**Prompt:** Reproduce the lines below verbatim. Pictures are to be omitted.

**Recorded data:**
__________

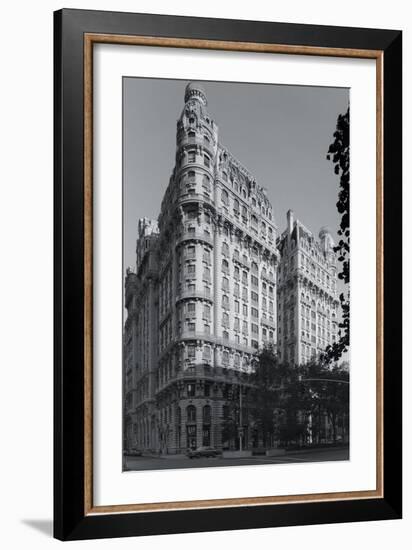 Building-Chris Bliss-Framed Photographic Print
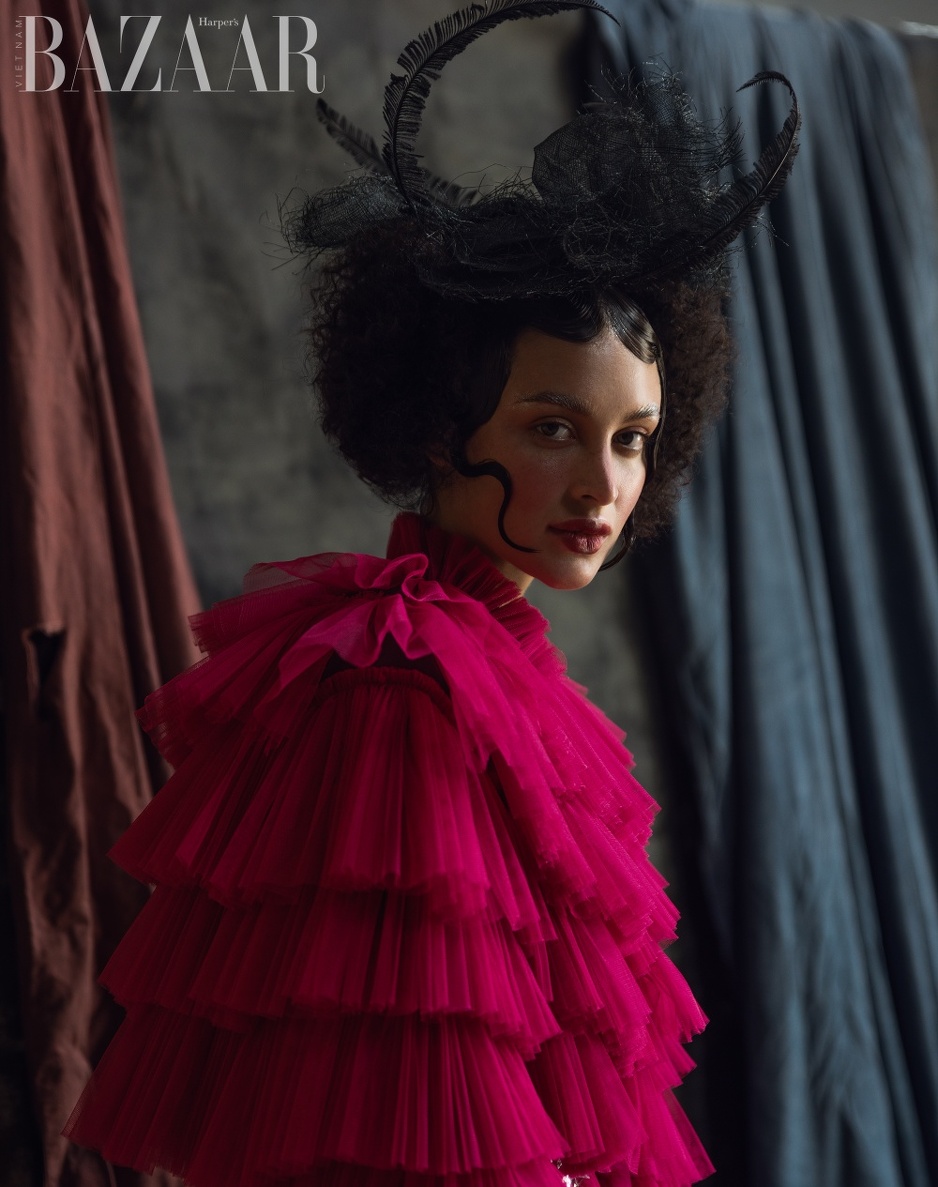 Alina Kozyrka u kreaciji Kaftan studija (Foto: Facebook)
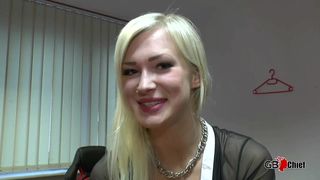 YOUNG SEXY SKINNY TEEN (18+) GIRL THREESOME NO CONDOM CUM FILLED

__________

**Written reply:**
 Building-Chris Bliss-Framed Photographic Print
 Alina Kozyrka u kreaciji Kaftan studija (Foto: Facebook)
 YOUNG SEXY SKINNY TEEN (18+) GIRL THREESOME NO CONDOM CUM FILLED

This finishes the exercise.